Paid parking for tourists mooted
Higher tramping hut fees for tourists are coming and car park charges could follow, to help pay for ballooning tourism on conservation land.
A record 1.75 million international tourists visited New Zealand’s national parks in the past year, with numbers soaring by up to a third at hotspots such as Aoraki/ Mt Cook’s Hooker Valley and Wanaka’s Roys Peak track.
Tourists waited half an hour for a car park at Franz Josef Glacier and queued for 40 minutes for photos at Roys Peak. The Conservation Department had to employ parking attendants at Cape Reinga and spent $155,000 on road management at the Tongariro Alpine Crossing.
Conservation Minister Eugenie Sage is expected to announce this weekend that international tourists will payer higher hut fees for some walks, to help fund tourist infrastructure. Even the country’s nine Great Walks don’t pay their way, costing about $2m more to maintain than they generate in hut fees – and she expected that to change.
Sage rated tourism pressures on conservation land as an 8 out of 10 problem. While she did not believe New Zealand had too many tourists, they needed to be better spread and better managed, and DOC needed to recoup more of the cost of visitor management, she said.
DOC has been upgrading its booking system to allow differential pricing, probably based on an honesty system of walkers entering their street address.
It’s not yet clear where and how the higher fees will apply. Documents show DOC has investigated differential hut fees for both Great Walks and the backcountry hut pass used by many backpackers, which currently costs $122 for a year’s unlimited access.
Sage also signalled more huts would be added to the booking system to help manage over-crowding in other areas, potentially expanding the scope for differential pricing. Documents show DOC has considered adding 116 extra wardenmanaged camps and huts to the booking system, to raise an extra $1.5m a year.
Tourism Minister Kelvin Davis has already announced plans for a border levy, which most conservation advocates support as the easiest option to increase visitor funding for tourism infrastructure.
Forest and Bird advocacy manager Kevin Hackwell said the levy should be high enough to deter budget travellers, to quell New Zealand’s ‘‘mindless model’’ of unbridled tourism growth.
‘‘The industry have got it wrong. They are absolutely at risk of killing the goose that’s laying the golden egg.’’
Tourism Industry Aotearoa boss Chris Roberts was wary of a border levy as it could unfairly tax businesspeople, but supported differential pricing and an overhaul of DOC’s charging system.
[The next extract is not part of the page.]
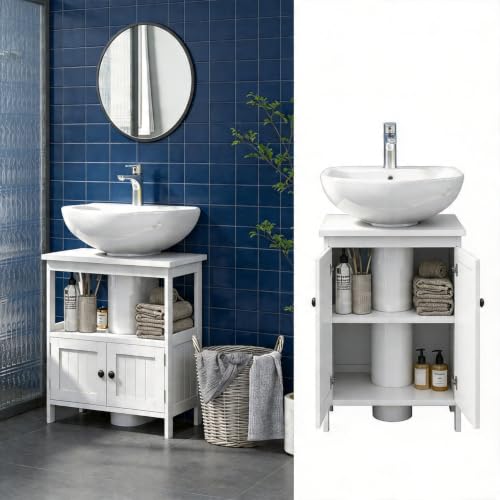 Gabinete Organizador para Lavabo con Pedestal, Gabinete Bajo Lavabo con Corte en U, Mueble para Baño con 2 Puertas y Estante Ajustable miniatura 6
Documents show DOC is also considering $10 or $15 car park charges to manage traffic chaos in places such as Punakaiki and Franz Josef Glacier.
Federated Mountain Clubs president Peter Wilson opposed parking charges but said New Zealand needed to find a way to curb unsustainable growth.
‘‘There’s a limit to what we can physically have, and then there’s a limit to what people accept.’’
Punakaiki businessman Patrick Volk dismissed car park charges as ‘‘really stupid’’, as they would leave tourists feeling ripped off.
‘‘There is nothing left on the West Coast except tourism. If we muck it up then we have a huge problem.’’
He called instead for DOC to charge for the Pancake Rocks walk itself. Other tourism operators and conservationists also called for charges for national parks or day walks, but legislation currently prevents charging for access to conservation land and Sage has ruled out a law change.